The American underground spewed out an unbelievably high volume of lo-fi synthesizer records this year, most of them the worst kind of charlatan dross – especially when compared to Dylan Ettinger’s elegantly wrought New Age Outlaws. Originally released on cassette last year, this year’s “Director’s Cut” on vinyl and digital saw its maker return to his master tapes, adding new parts and altering the final track sequence. What makes Ettinger’s spaced-out analogue friezes so compelling is their jazz inflections, with Hassell-esque horns and sitar-like sounds adrift amid oscillating synth sequences in the tradition of Vangelis, Tangerine Dream et al. Hallucinatory and emotionally affecting, we won’t be surprised if the appeal of this LP outlasts that of more widely acclaimed offerings from Emeralds and Oneohtrix Point Never.


37: DJ RASHAD
JUST A TASTE VOL. 1
(GHETTOPHILES)


‘Ghost’

2010 was the year that juke and footwork broke the (relative) mainstream, mostly due to efforts from the UK’s Planet Mu. Back in Chicago, hometown label Ghettophiles released a steady supply of singles, and will close the year on a pair of albums from scene staple DJ Rashad. Just a Taste, due out on December 14, is our pick, sporting Rashad takes on Bobby Caldwell, Gil Scott-Heron and more with those ultra-padded basslines that you feel before you hear.


36: FRANK (JUST FRANK)
THE BRUTAL WAVE
(WIERD MUSIC)


‘Mr Itagaki’

One of the year’s most unexpected and durable delights, The Brutal Wave is the debut album by Parisian duo Frank (Just Frank), released on Peter Schoolwerth’s Wierd. Though crucially steeped in the aesthetic influence of both cold wave and black metal, F(JF)’s own music is richly romantic post-punk pop, sung in both English and French and based around song-structures and galloping guitar parts that consciously reference – among other things – The Cure circa Seventeen Seconds and Pornography.
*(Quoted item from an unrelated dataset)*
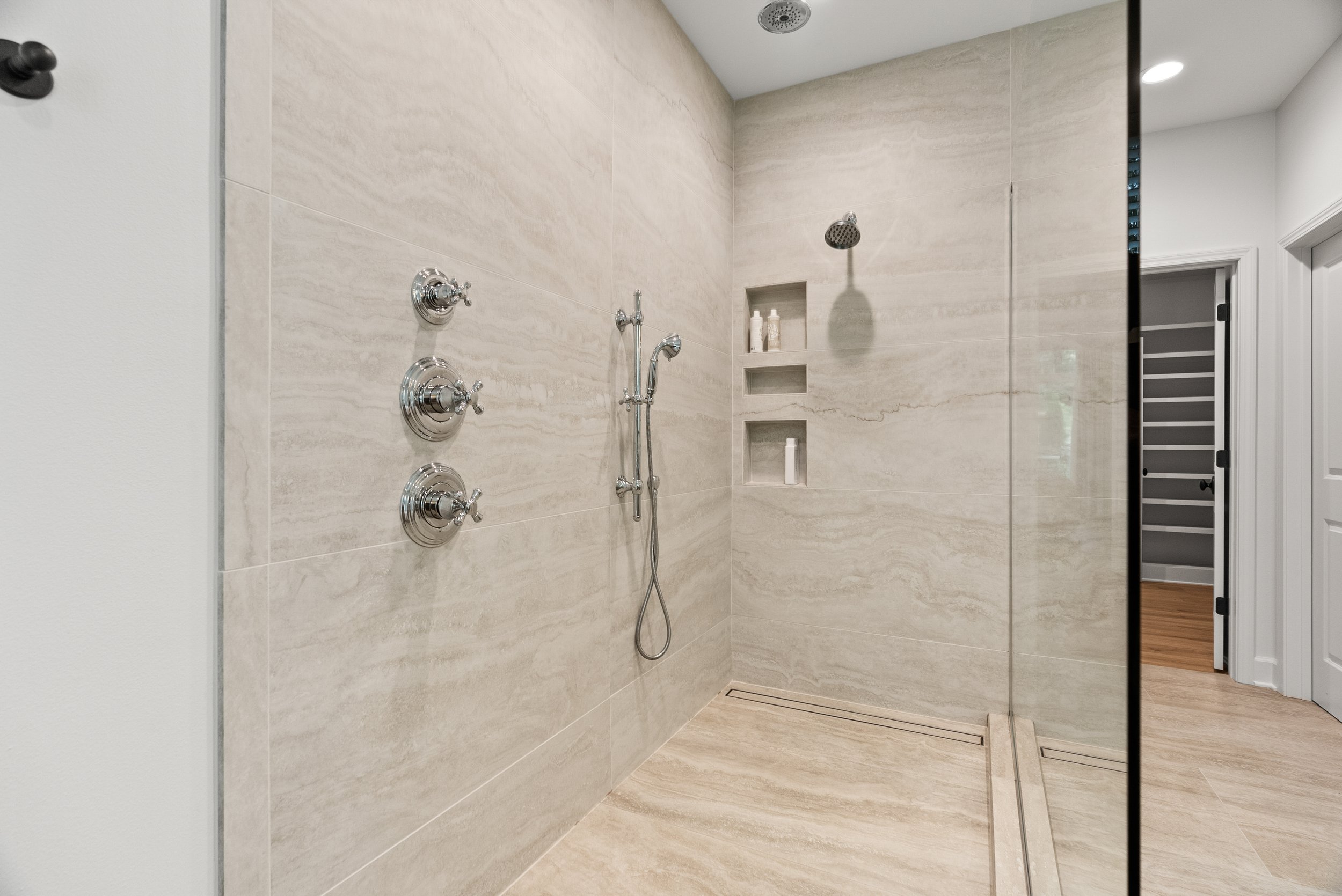 A modern shower with beige marble tiles, a rainfall showerhead, a handheld shower on a sliding bar, three water control knobs, and built-in wall niches with toiletries.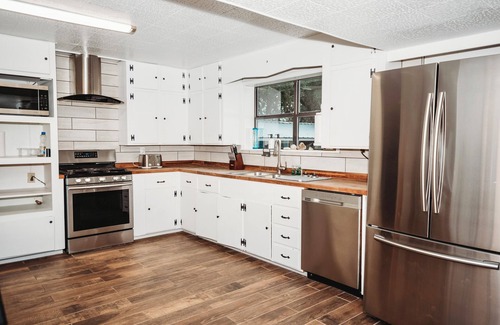 Camp Wood House | Private Nueces Riverfront Getaway! 13 Acre of Bliss! Sleeps 12-14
But there’s more than mere pastiche going on here: on songs such as ‘Mr Itagaki’ this band hit as hard, if not harder, than their heroes ever did.


35: THESE NEW PURITANS
HIDDEN
(ANGULAR)


‘Time Xone’

Ambition appears to be all but dead in British “indie”, so These New Puritans’ Hidden instantly piqued our interest. Working primarily – and improbably – with dancehall-inspired rhythms and, er, woozy colliery brass, this was the sound of a young band trying, shock horror, to make something original, and going about it with a commendable air of seriousness and self-importance. Frightfully earnest – and beautiful – instrumental opener ‘Time Xone’ sets the scene, and the sheer baroque gumption of ‘Orion’ is astonishing, but elsewhere the dense, fussy arrangements can mask a paucity of real songcraft, while the overall production sheen too often softens the hard edges that are, for us, the source of the record’s appeal.


34: YEASAYER
ODD BLOOD
(SECRETLY CANADIAN)


‘Ambling Alp’

One of the year’s first “big” albums, Odd Blood saw Brooklyn’s Yeasayer in gracefully psychedelic form, shot in higher definition than ever before. Some, such as FACT reviewer Joe Muggs couldn’t stomach the album’s glossy finish, but for us few records soundtracked the beginning of the year with the same combination of power and poise.


33: URBAN TRIBE
URBAN TRIBE [AKA PROGRAM 1-12]
(MAHOGANI MUSIC)


‘Program 1′

Returning with their first collective album release since 1998′s Mo’Wax classic The Collapse Of Modern Culture, Sherard Ingram’s Urban Tribe – featuring Carl Craig, Kenny Dixon, Jr. and Anthony Shakir – effortlessly affirmed their superhero status with a set of gritty, laconic beatdown futurism. Special mention goes to ‘Program 7′ and ‘Program 1′, two tracks that formed a kind of unwitting diagonal between Detroit house and UK funky, grime and dubstep.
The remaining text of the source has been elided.